領域再解析とは国内の過去の気象状況を詳細に再現するものです。こちらは2014年8月の風向きと風速を解析した結果です。コンピューターの性能の向上に伴い、計算を行う地点、格子の間隔を5キロにまで細かくしたことで、アメダスがない地点でも当時の気象状況を細かく再現することができます。

東北大学大学院の卒業生、福井真さんは気象研究所の研究グループの一員です。

気象庁気象研究所 福井真研究官:
「こちらがスーパーコンピュータAOBAです」

このスーパーコンピューターで、およそ1年をかけて20年分を解析しました。領域再解析では、レーダーがない時代の気象状況も解析できるといいます。

気象庁気象研究所 福井真研究官:
「観測の場合は、観測できない場所や時代があるので、観測できていなかった所を知る所が難しい、領域再解析の場合はそういった場合に関しても一貫してデータを提供できる」


今野桂吾気象予報士:
「左と右の図はそれぞれ何を表している?」
気象庁気象研究所 福井真研究官:
「左の方の図は、気象庁の既存の再解析によって再現した雨の分布の結果で、右側が我々の領域再解析によって再現した雨の分布になります」

2020年7月28日の解析結果の比較です。地球全体を対象とする気象庁の解析結果は、格子間隔が50キロと解像度が低いため、細かい雨雲や強い雨がうまく表現できません。

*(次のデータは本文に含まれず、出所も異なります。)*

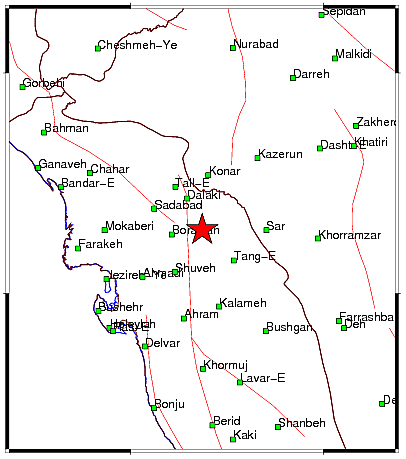 Map as reported by the Iranian authorities. The faint red lines are the known earthquake faults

一方、日本付近を対象とする領域再解析は、格子間隔5キロと解像度が高く、細かい雨雲の分布や雨の強さが表現できるようになっています。

気象庁気象研究所 福井真研究官:
「過去の再現されたデータを用いて、過去に起こった現象をしっかり理解するということが、将来の予報技術を発展させるのに非常に重要で、それがさらに予報精度の改善につながる」

まだまだ改善の余地がある気象予測。予測精度の向上を目指し過去の大雨の気象データの解析が進んでいます。
大雨の予測精度が向上すれば、よりきめ細かな避難情報が期待できますが、予測技術がさらに進化しても100%の精度で大雨を予測することはできないと、伊藤准教授も話しています。だからこそ、日頃からの備えが大切だと言えます。